Randal looked up to the stars, “Fine,” he said then bellowed, “Tom Zombie!”
Everyone and everything went dead quiet.
     The wind stopped, the forest seemed devoid of sound, not even insects of birds. Only the crackling fire kept the night time silence from engulfing them.
     After long fearful moments Steve finally started to laugh.
     “You guys are such pansies!” he said smirking.
     The tension broke and the group followed in kind. John and Randal clapped their hands together; Steve gave Randal a friendly slap on the cheek as Randal smiled and nodded. Josh poked his little head out from his blanket, even the girls began to chuckle nervously.
     “It’s just a silly story,” Steve said and they all began to relax. It didn’t take long for the group to forget what they had done and begin talking of other less consequential things.
     What they couldn’t know, because the knowledge had been lost in legend, was that, though it was true that Tom Zombie couldn’t awaken to sow his wraith upon them, the nearest dead to where they sat could and people had been living and dying in these parts for many years.
     In fact, mere months before, a cabin just over the next hill from where they camped, had burned to the ground, unknown and unseen by anyone.  Most of the poor family who had lived there had been burned to ash, but two, a mother and her teenage son, had made it out only to die in the leaves and mud outside.

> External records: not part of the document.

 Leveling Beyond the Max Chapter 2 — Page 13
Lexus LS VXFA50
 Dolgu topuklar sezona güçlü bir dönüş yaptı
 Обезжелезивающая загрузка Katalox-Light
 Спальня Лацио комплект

Their bones and rotting flesh had all but been taken by hungry animals and carrion worms. Enough remained however to hear the ringing of the bell and the call back to the land of the living.

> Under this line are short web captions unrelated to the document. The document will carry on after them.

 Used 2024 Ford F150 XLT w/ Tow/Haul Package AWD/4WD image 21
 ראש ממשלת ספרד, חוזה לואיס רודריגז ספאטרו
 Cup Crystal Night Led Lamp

     The kids laughed around their fire, whimsical in their disregard for the evil they had released. It was Steve who heard the shambling first; mixed with the wind and the crackling fire.  When he said “Quiet!” to the group they thought it another joke and just laughed louder. Then they all heard a stick CRACK from the dark and a hollow GROAN mixed in with a stiff and suddenly cold wind.

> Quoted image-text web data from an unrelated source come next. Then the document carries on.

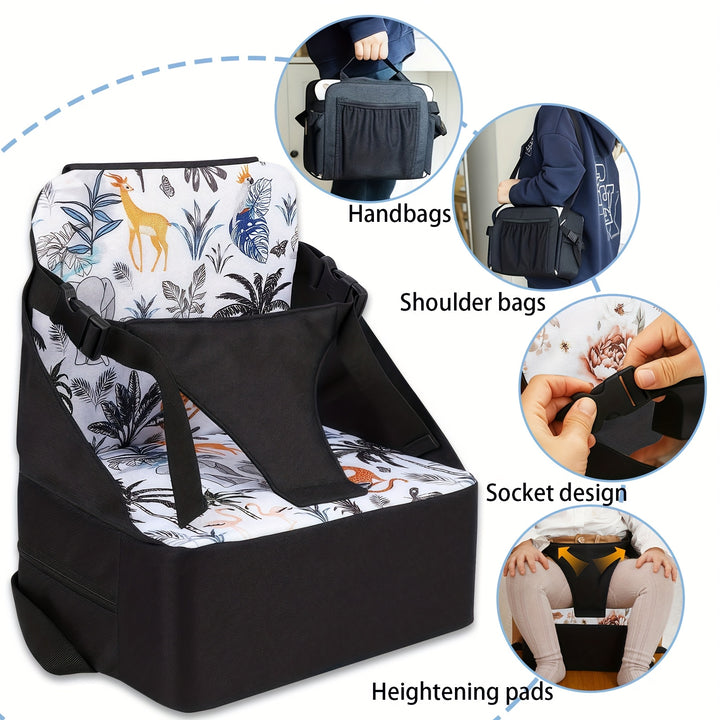 Portable Baby Booster Seat-AML10162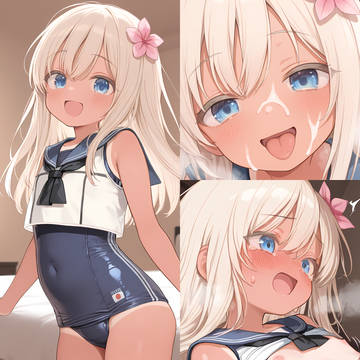 呂500/ろーちゃん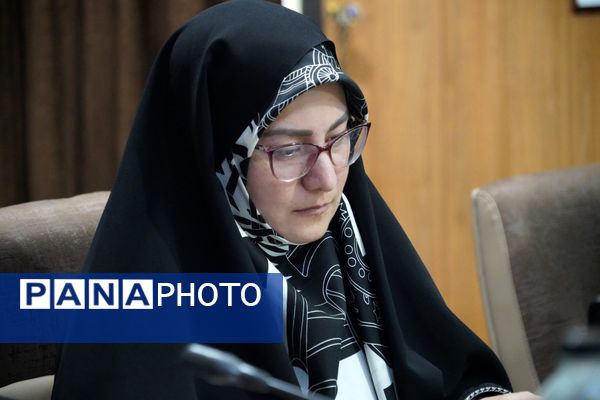 برگزاری نشست شورای پرورشی و فرهنگی اداره‌کل آموزش و پرورش استان اصفهان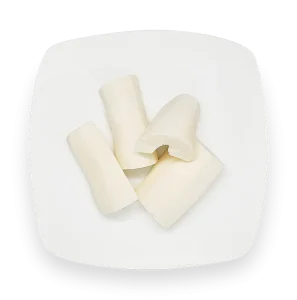 Frozen Cassava Chunk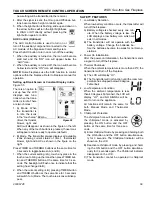 Предварительный просмотр 39 страницы Vermont Castings WDVST500NTSCSB Installation And Operating Instructions Manual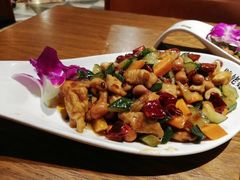 -胖姥姥·川湘闽菜(汕尾蓝天广场店)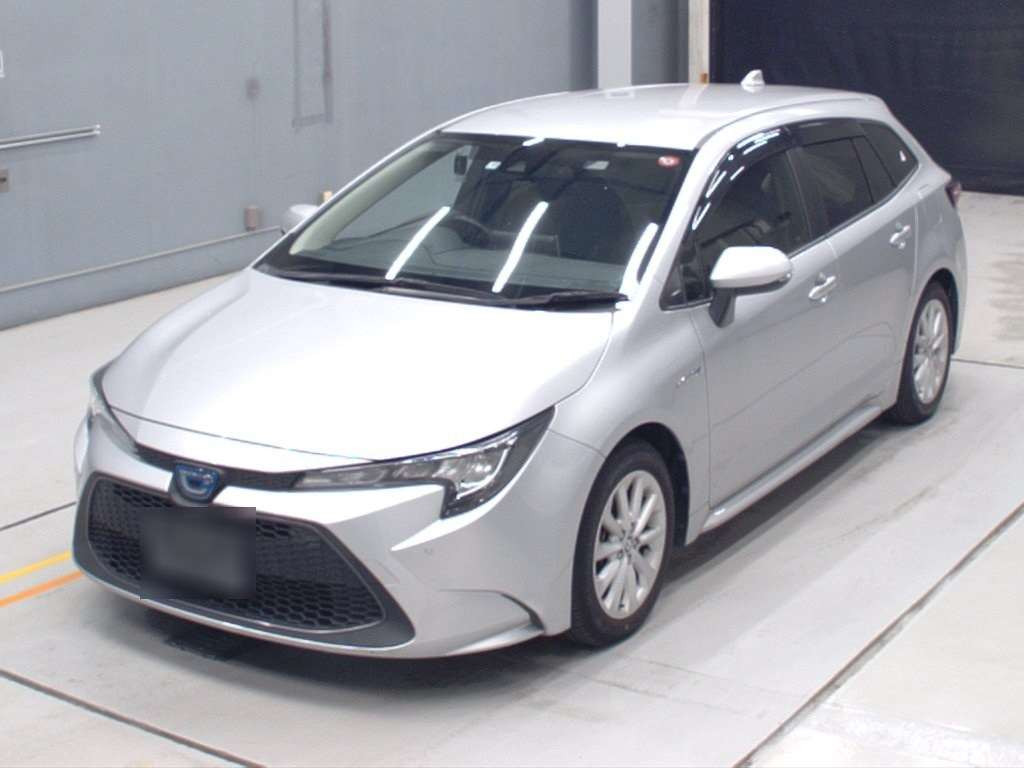 2019 Toyota Corolla Touring Wagon ZWE211W[0]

     Steve was about to blame Randal, but sure enough Randal was still sitting just behind him; his eyes wide and his skin pale like snow. They all realized quickly that all of them still sat around there fire, terrified, but accounted for. Then who was out there?
     Of the six who went camping that night only two ever returned: Sally and Janet. Steve,      John, Randal and Steve’s little brother Josh, never came home.
     The horror of the surviving two was unparalleled and neither girl ever recovered. Their story was buried by gossip and excuse; just kids traumatized by a serial murderer or a freak animal attack. But the bodies of the four lost kids were never found and for years rumors persisted.
     It’s said that the parents of the two brothers who were lost that night had themselves buried up on that hill upon death, waiting for their children to return, or perhaps, for some other group of three to be foolish enough to not believe in the curse of Tom Zombie.